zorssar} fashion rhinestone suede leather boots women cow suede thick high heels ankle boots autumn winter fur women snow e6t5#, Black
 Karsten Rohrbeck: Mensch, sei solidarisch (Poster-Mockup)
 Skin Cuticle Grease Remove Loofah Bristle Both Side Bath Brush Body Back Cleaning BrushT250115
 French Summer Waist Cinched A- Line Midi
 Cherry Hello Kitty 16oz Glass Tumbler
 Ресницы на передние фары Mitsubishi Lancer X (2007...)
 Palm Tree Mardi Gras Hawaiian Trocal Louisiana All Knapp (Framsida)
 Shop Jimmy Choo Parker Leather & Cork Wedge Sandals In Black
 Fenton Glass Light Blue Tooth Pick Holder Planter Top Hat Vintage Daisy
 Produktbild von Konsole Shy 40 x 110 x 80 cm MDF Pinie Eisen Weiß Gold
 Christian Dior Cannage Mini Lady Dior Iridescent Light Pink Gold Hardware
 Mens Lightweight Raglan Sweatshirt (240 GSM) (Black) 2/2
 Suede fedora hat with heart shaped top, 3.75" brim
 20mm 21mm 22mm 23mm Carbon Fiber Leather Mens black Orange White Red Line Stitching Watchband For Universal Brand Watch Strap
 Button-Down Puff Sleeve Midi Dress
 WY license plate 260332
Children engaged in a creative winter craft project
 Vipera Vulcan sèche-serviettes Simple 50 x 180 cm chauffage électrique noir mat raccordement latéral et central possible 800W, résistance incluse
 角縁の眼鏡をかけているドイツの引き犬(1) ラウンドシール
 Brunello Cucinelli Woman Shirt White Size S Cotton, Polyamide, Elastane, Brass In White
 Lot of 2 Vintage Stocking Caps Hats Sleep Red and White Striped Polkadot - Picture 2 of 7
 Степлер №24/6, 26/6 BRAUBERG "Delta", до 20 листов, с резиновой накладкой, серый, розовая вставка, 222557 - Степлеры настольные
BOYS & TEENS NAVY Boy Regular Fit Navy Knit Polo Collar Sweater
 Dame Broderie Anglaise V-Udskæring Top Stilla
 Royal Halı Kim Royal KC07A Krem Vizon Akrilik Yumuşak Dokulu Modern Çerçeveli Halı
· · · ·
| REQUIRED WORK |
Reproduce exactly the lines that run from the start of the records to the line with "Palm Tree Mardi", both included.

| RESPONSE TO THIS TASK |
zorssar} fashion rhinestone suede leather boots women cow suede thick high heels ankle boots autumn winter fur women snow e6t5#, Black
 Karsten Rohrbeck: Mensch, sei solidarisch (Poster-Mockup)
 Skin Cuticle Grease Remove Loofah Bristle Both Side Bath Brush Body Back Cleaning BrushT250115
 French Summer Waist Cinched A- Line Midi
 Cherry Hello Kitty 16oz Glass Tumbler
 Ресницы на передние фары Mitsubishi Lancer X (2007...)
 Palm Tree Mardi Gras Hawaiian Trocal Louisiana All Knapp (Framsida)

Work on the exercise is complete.